GithubHelp home page GithubHelp logo

clvrai / mopa-rl Goto Github PK

View Code? Open in Web Editor NEW
68.0 8.0 11.0 257.26 MB

Motion Planner Augmented Reinforcement Learning for Robot Manipulation in Obstructed Environments (CoRL 2020)

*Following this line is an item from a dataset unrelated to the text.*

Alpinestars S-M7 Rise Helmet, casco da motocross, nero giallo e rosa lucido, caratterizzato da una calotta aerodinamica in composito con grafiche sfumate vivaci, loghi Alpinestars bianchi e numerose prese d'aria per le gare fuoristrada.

Home Page: https://clvrai.com/mopa-rl

License: MIT License

Python 68.68% C++ 20.36% Shell 8.23% Dockerfile 2.04% Cython 0.69%
robotics robot-manipulation reinforcement-learning robot-learning motion-planners

mopa-rl's Introduction

Motion Planner Augmented Reinforcement Learning for Robot Manipulation in Obstructed Environments

[Project website] [Paper]

This project is a PyTorch implementation of Motion Planner Augmented Reinforcement Learning for Robot Manipulation in Obstructed Environments, published in CoRL 2020.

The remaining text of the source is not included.